» WORK ORDER: Look in the data below for the line that has "Handmade funky grunge", then print exactly every line from there through the line that has "Masło kakaowe na", leaving pictures out.

» RECORDS FOR THIS TASK:
=== Section Start ===

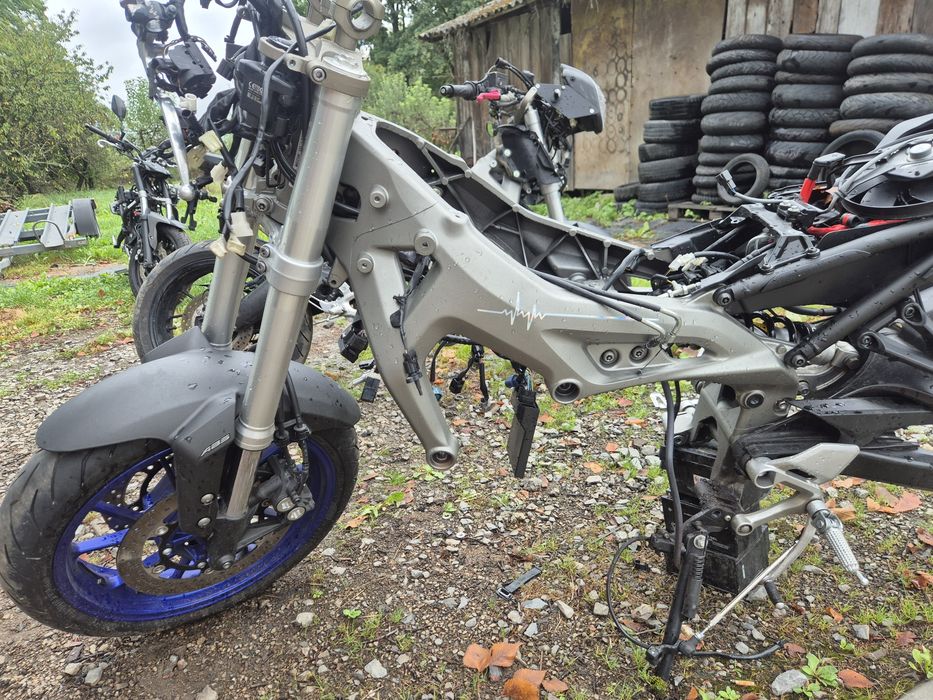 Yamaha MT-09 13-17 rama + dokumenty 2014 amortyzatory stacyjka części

=== Section End ===
=== Section Start ===

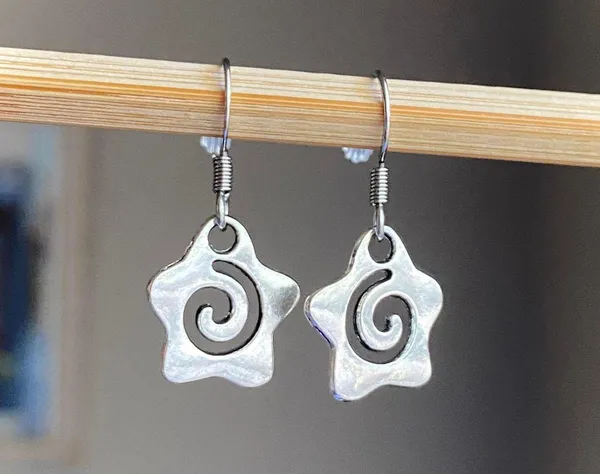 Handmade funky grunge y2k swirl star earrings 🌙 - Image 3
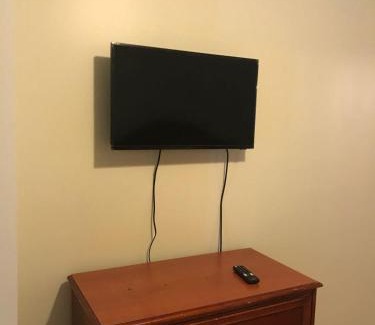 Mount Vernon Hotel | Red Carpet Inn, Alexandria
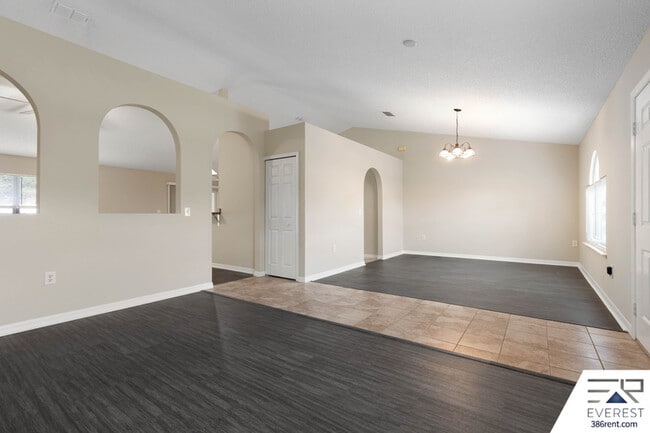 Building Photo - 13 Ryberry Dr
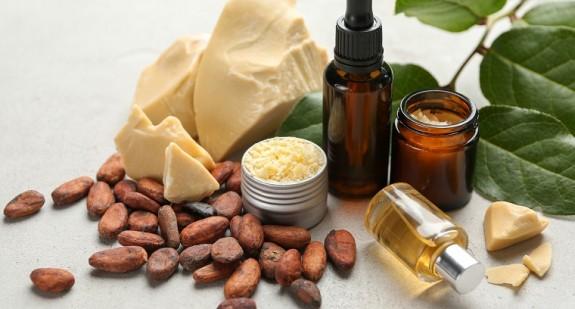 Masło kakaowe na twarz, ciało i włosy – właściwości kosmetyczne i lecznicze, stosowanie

=== Section End ===

» EXERCISE OUTPUT:
 Handmade funky grunge y2k swirl star earrings 🌙 - Image 3
 Mount Vernon Hotel | Red Carpet Inn, Alexandria
 Building Photo - 13 Ryberry Dr
 Masło kakaowe na twarz, ciało i włosy – właściwości kosmetyczne i lecznicze, stosowanie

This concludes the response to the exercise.